» **Problem to solve**
Begin at the line containing "2205 Thompson Rd, Four" and give again every line to the end of the records, exactly, without the pictures.
--- Dataset Enclosed Below ---
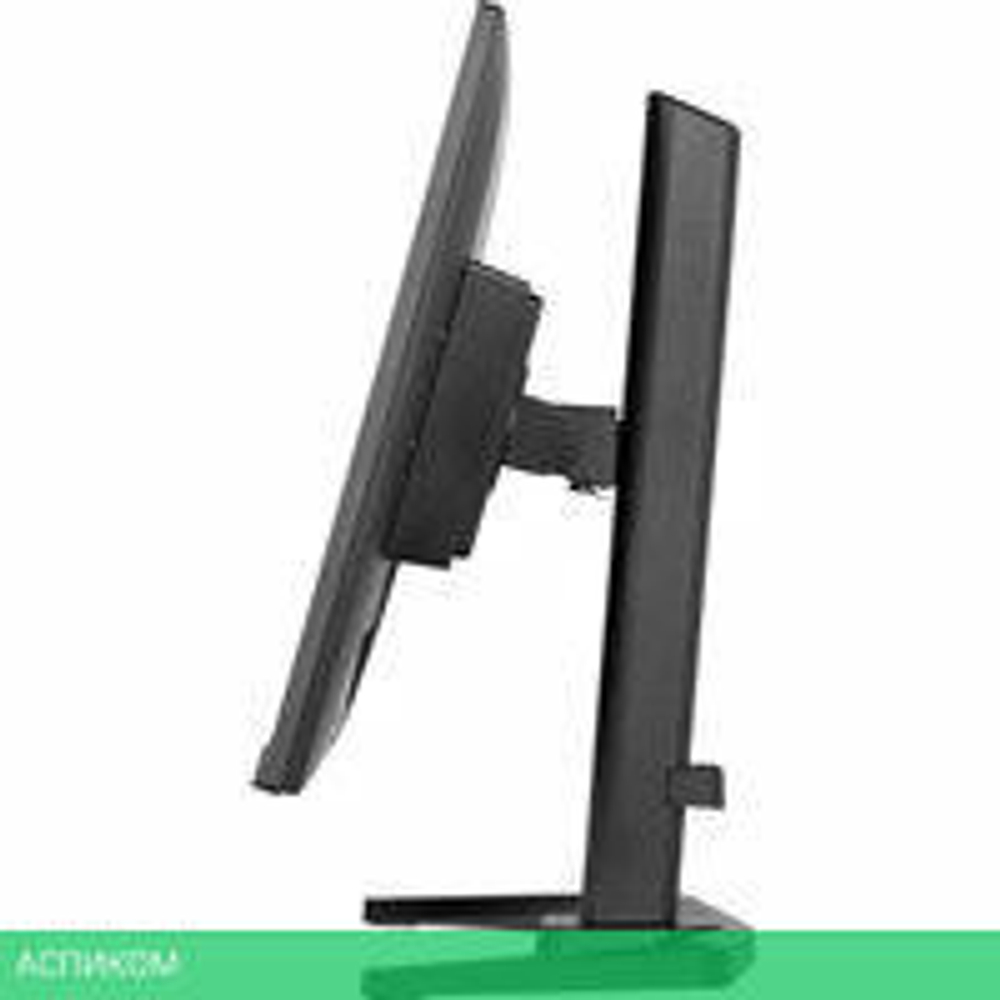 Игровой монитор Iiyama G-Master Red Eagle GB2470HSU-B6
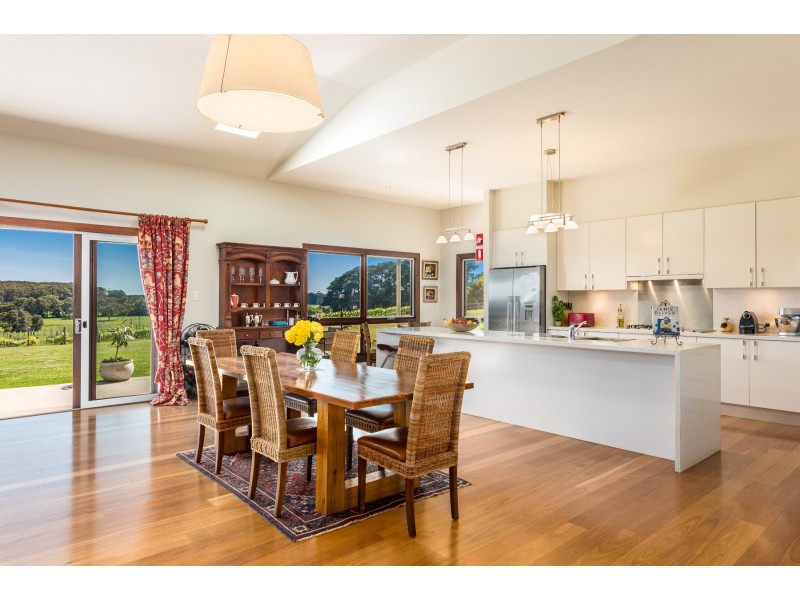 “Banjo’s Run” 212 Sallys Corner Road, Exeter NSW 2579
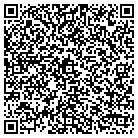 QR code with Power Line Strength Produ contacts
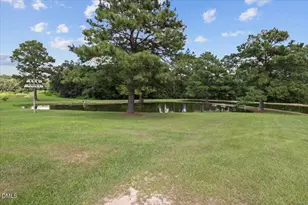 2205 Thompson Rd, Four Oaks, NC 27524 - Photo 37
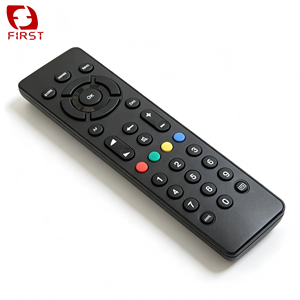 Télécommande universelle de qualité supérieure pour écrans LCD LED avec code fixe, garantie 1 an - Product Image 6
--- End of Enclosed Dataset ---
» **Exercise output**
 2205 Thompson Rd, Four Oaks, NC 27524 - Photo 37
 Télécommande universelle de qualité supérieure pour écrans LCD LED avec code fixe, garantie 1 an - Product Image 6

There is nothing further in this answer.